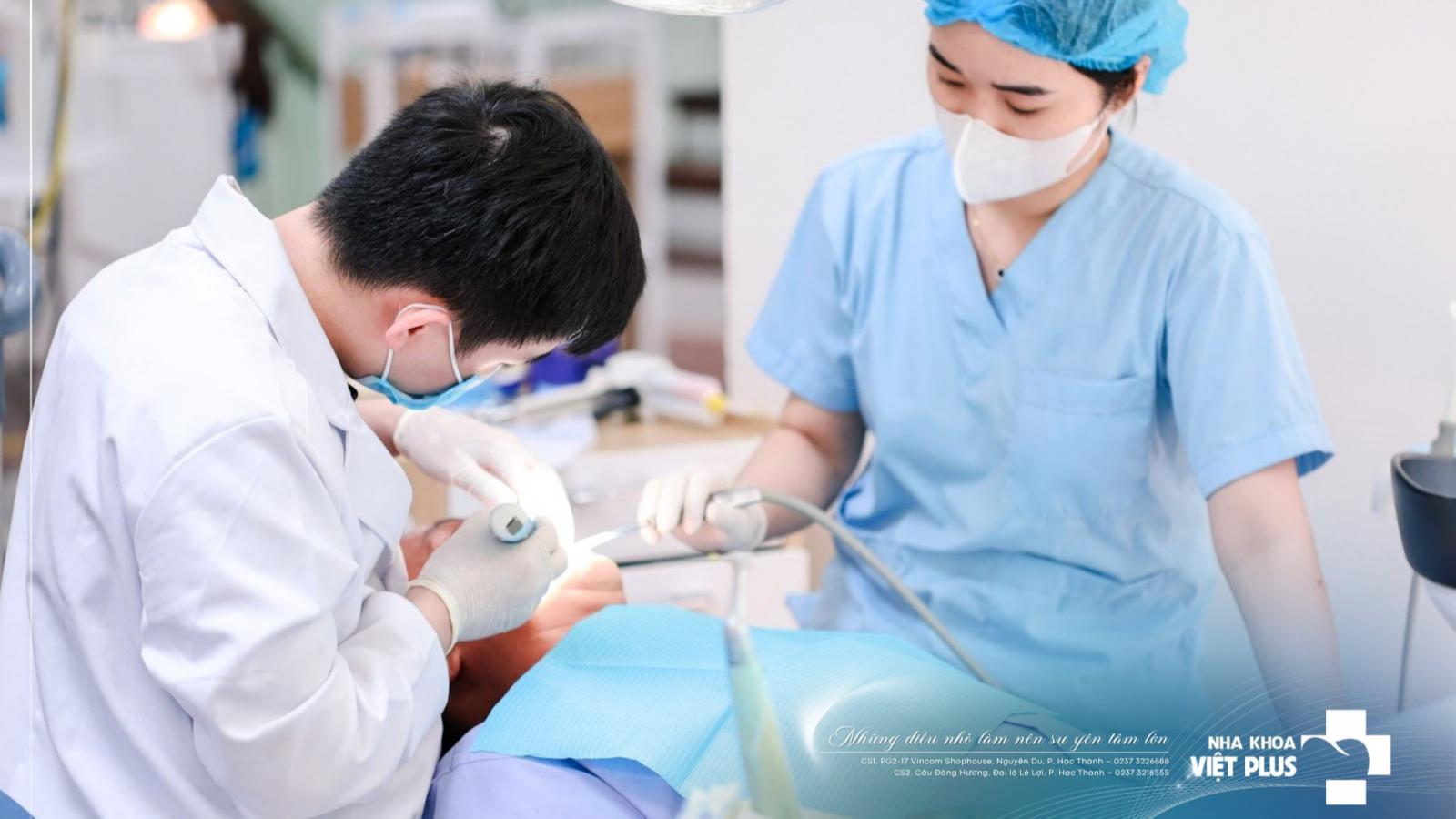 Mất răng lâu năm, xương tiêu vẫn có thể cấy Implant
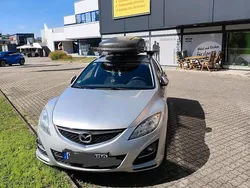 Silber Gebraucht 2010 Mazda 6 Kombi | 8.500 €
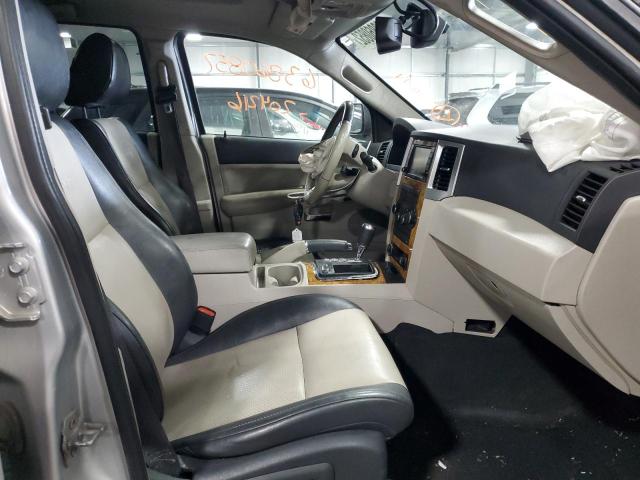 Photo 5 from auction – 2008 JEEP GRAND CHER with VIN 1J8HR58N68C194431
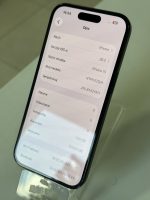 Apple Iphone 15 128GB Black | 95% zdravlje baterije | polovan - Image 3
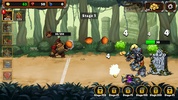 Apes vs. Zombies screenshot 2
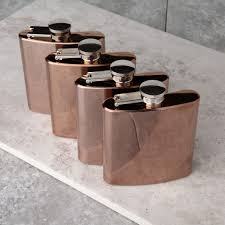 Petaca de Cobre de Alta Calidad, Resistente al Óxido, Proveedor de Petacas para Whisky - Product Image 2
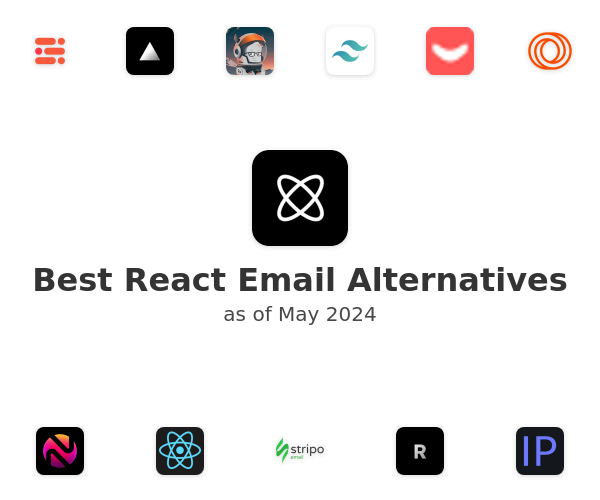 Best React Email Alternatives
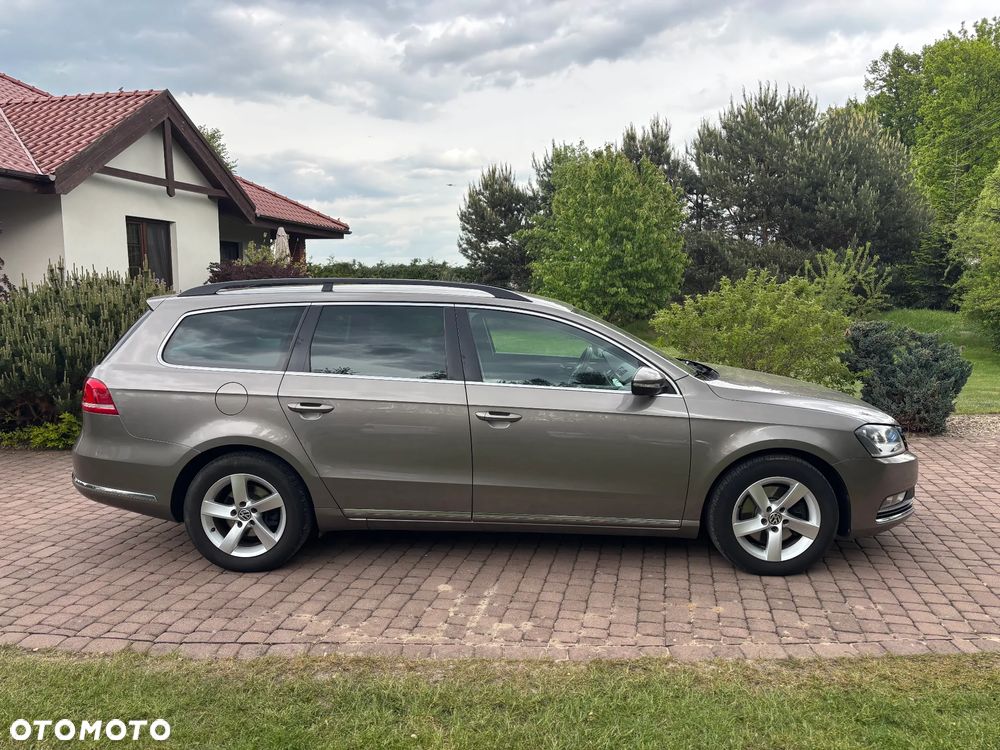 Volkswagen Passat Variant 2.0 TDI BlueMotion Technology Comfortline - 5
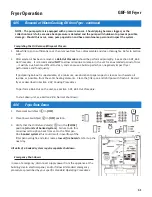 Предварительный просмотр 71 страницы GILES GBF-50 Operation & Service Manual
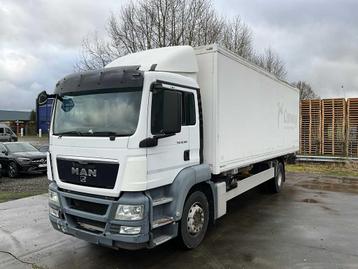 2011 MAN TGS18.360 Vrachtwagen beschikbaar voor biedingen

> _WHAT TO DO_
Repeat, exactly and with no pictures, each line from the line that holds "Petaca de Cobre" through the last line of the records above.

> _OUTPUT FOR THIS TASK_
 Petaca de Cobre de Alta Calidad, Resistente al Óxido, Proveedor de Petacas para Whisky - Product Image 2
 Best React Email Alternatives
 Volkswagen Passat Variant 2.0 TDI BlueMotion Technology Comfortline - 5
 Предварительный просмотр 71 страницы GILES GBF-50 Operation & Service Manual
 2011 MAN TGS18.360 Vrachtwagen beschikbaar voor biedingen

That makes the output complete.